The 'Protect Our Kids Act' Could Begin to Fix America's Gun Problem. Will It Pass?
The House Committee is set to debate gun control in a new series of bills that could engender meaningful actions on guns.
Following the murder of 19 children and 2 teachers at Robb elementary school in Uvalde, Texas, The House Judiciary Committee is getting set to meet to consider eight pieces of gun control that will be packaged together in the “Protecting Our Kids Act.” Here’s what you need to know.
The legislation in the “Protecting Our Kids Act” that the House Democrats are meeting to discuss would do the following:
- Make it illegal to import, sell, manufacture, transfer, or possess a large-capacity magazine, with some exceptions
- Establish requirements regulating the storage of firearms in residential facilities
- Raise the age for purchasing a semiautomatic centerfire rifle from 18 to 21 years old
- Stiffen penalties for gun trafficking and straw purchases
- Build on the Bureau of Alcohol, Tobacco and Firearms' regulatory ban on bump stocks, attachments to guns that make rapid-fire easier. Existing bump stocks would have to be registered, and the sale and possession by civilians of bump stocks would be banned
- Current federal firearms regulations would apply to “ghost guns” which are unregistered and untraceable homemade weapons that can be made with a 3D printer or assembled from a kit
The provisions would likely pass the Democratic-led House, however, it’s unlikely to overcome the evenly divided Senate or Republican-led filibuster. Democrats control a 50-50 majority and would require 60 votes to break the filibuster to pass the gun control legislation.

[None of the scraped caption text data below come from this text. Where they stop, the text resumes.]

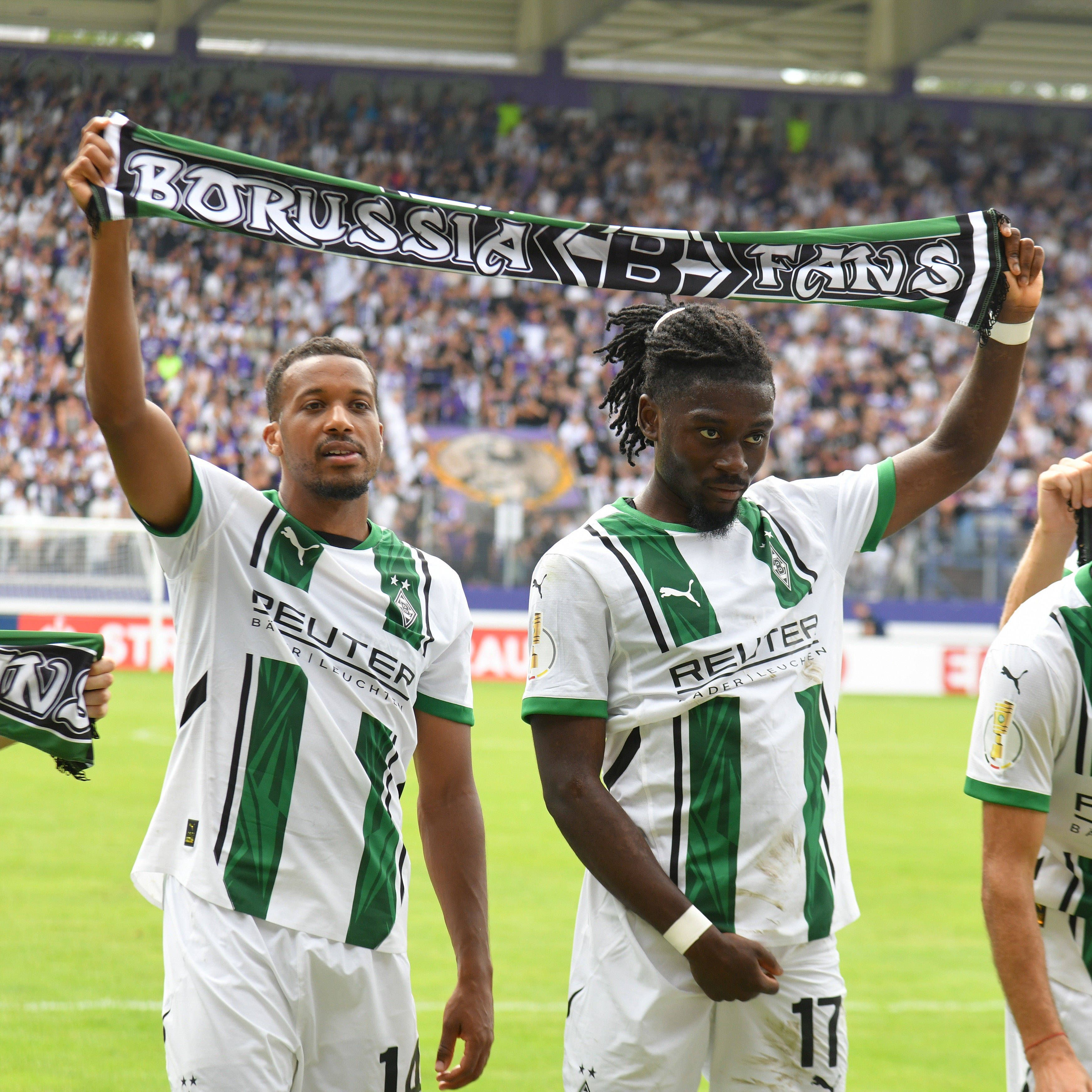 Alassane Plea und Manu Koné halten einen Schal in der Hand.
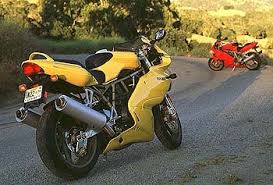 Image result for Nuget Yellow 1999 Motorcycle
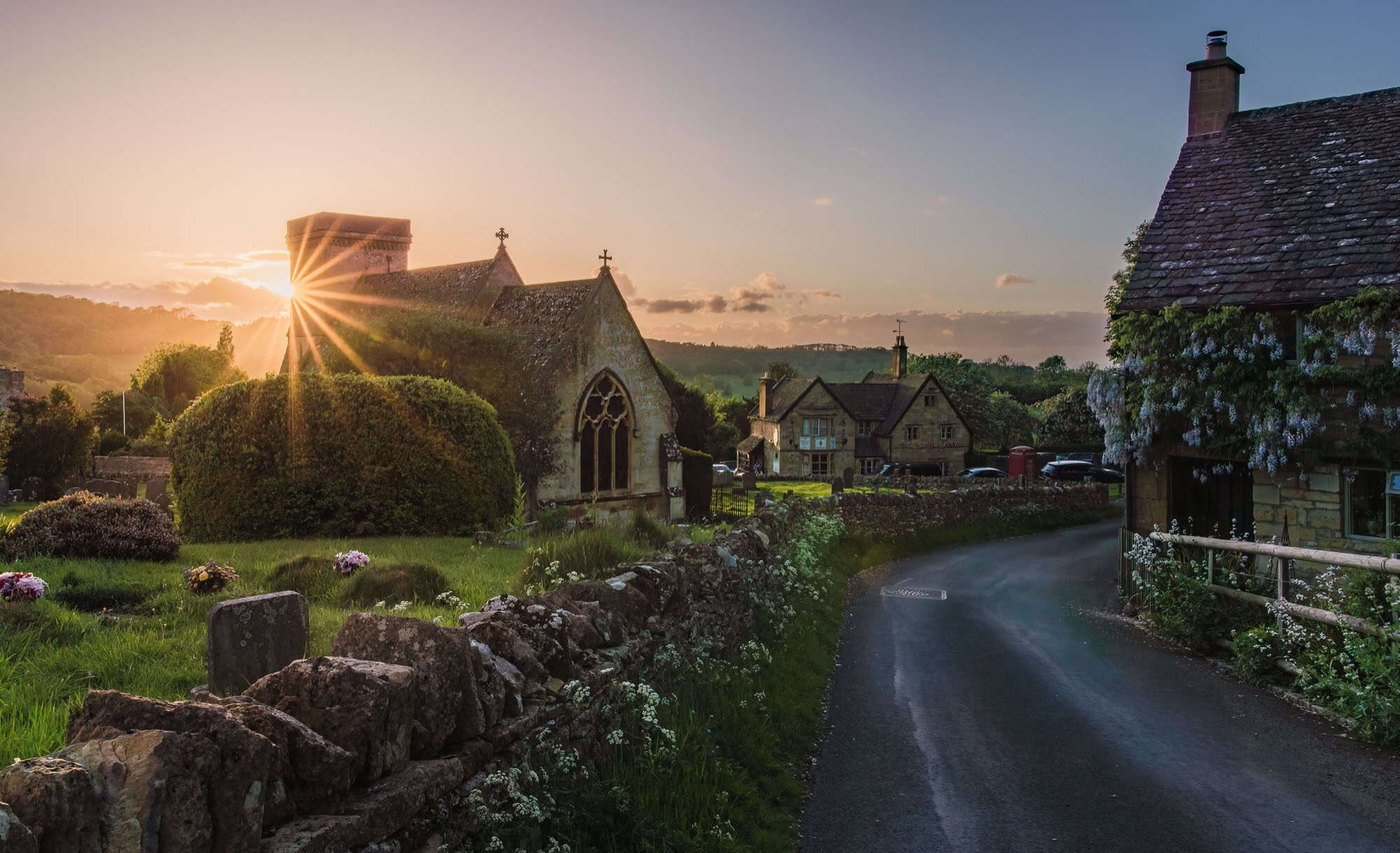 Golden sunburst shining over the historic stone church and cottages of Snowshill village in the Cotswolds.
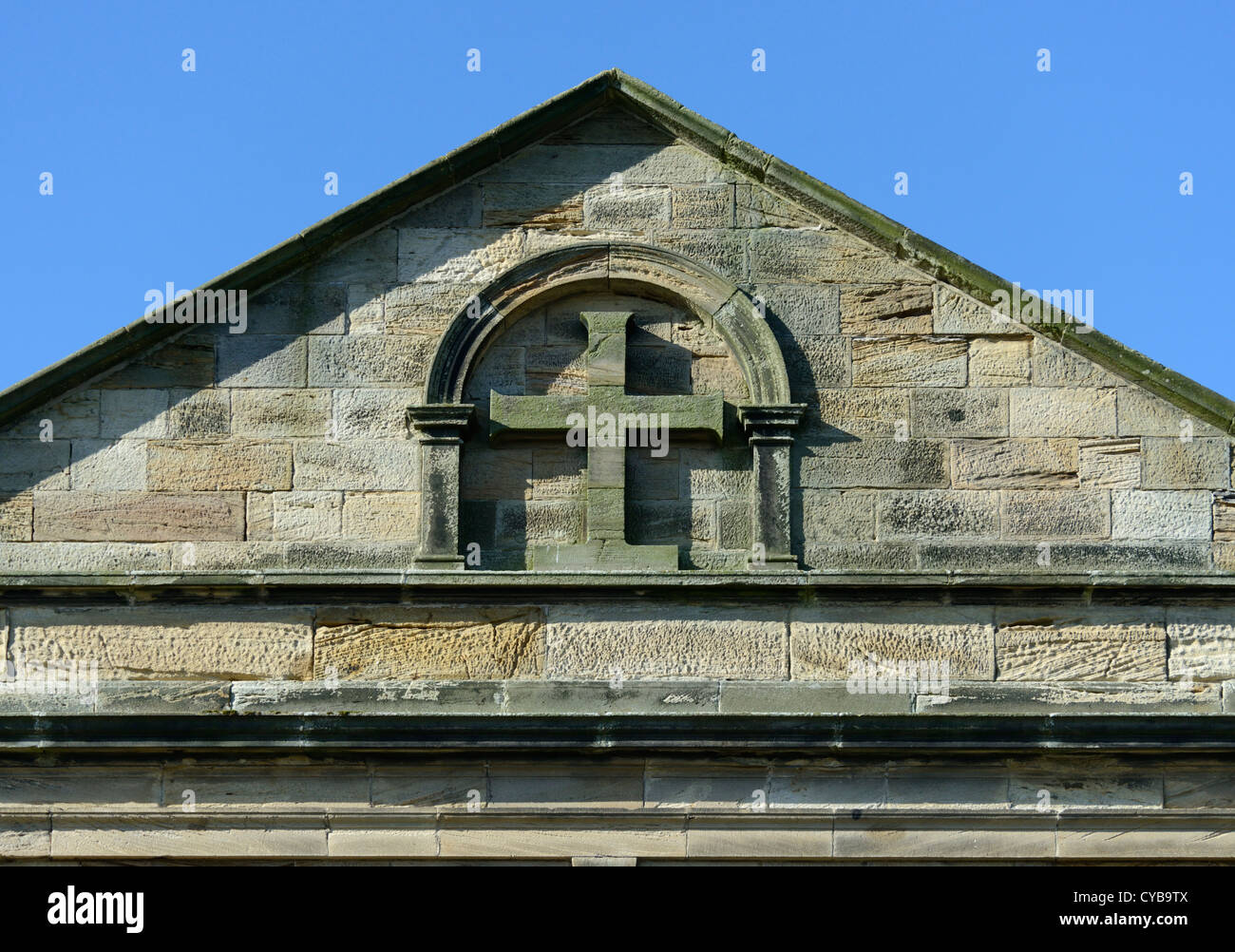 Tympanum with round arch and cross design. Church of Saint Bridget. Moresby, Cumbria, England, United Kingdom, Europe. Stock Photo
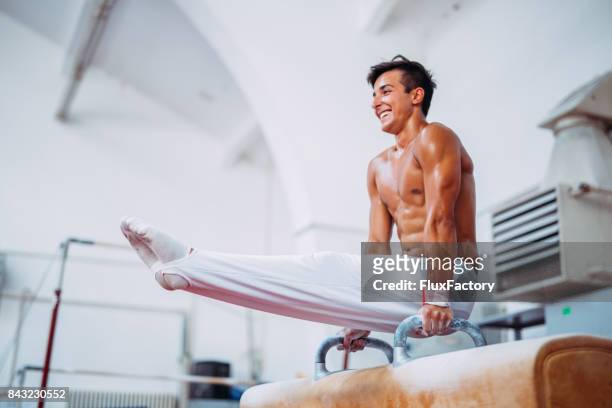 men working out on pommel horse - artistic gymnastics stock pictures, royalty-free photos & images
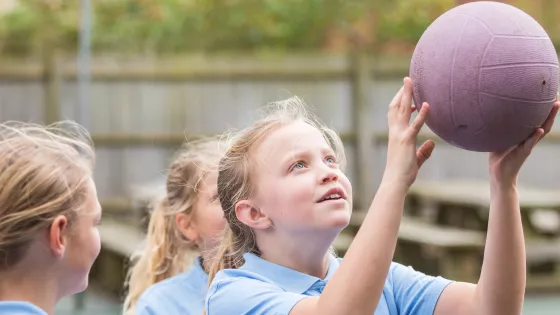Photo of school student playing netball with classmates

Republicans have been vocal in their opposition to any stronger gun control measures and over the years have broadly rejected any new restrictions. It’s not clear, however, if the latest mass shooting that killed 19 children and two children will change their stance — or if some common ground can be found to pass some stricter controls on who can buy guns and how.
Even still, nearly three-quarters of Americans think that gun violence is a big or moderately big problem, according to a Pew Research Center survey last year. Bans on assault weapons and high-capacity ammunition magazines have an even higher approval rating of over 60 percent in the US, according to Pew. Plus a majority of Americans think the epidemic of school shootings can be stopped if there are drastic changes in gun law legislation, according to a YouGov poll this week.
Republicans are likely to continue to push back against any new provisions. Guns are now the leading cause of death among young people in the U.S. and the numbers continue to climb. And the hard reality is that this is a uniquely American problem – and something has to change.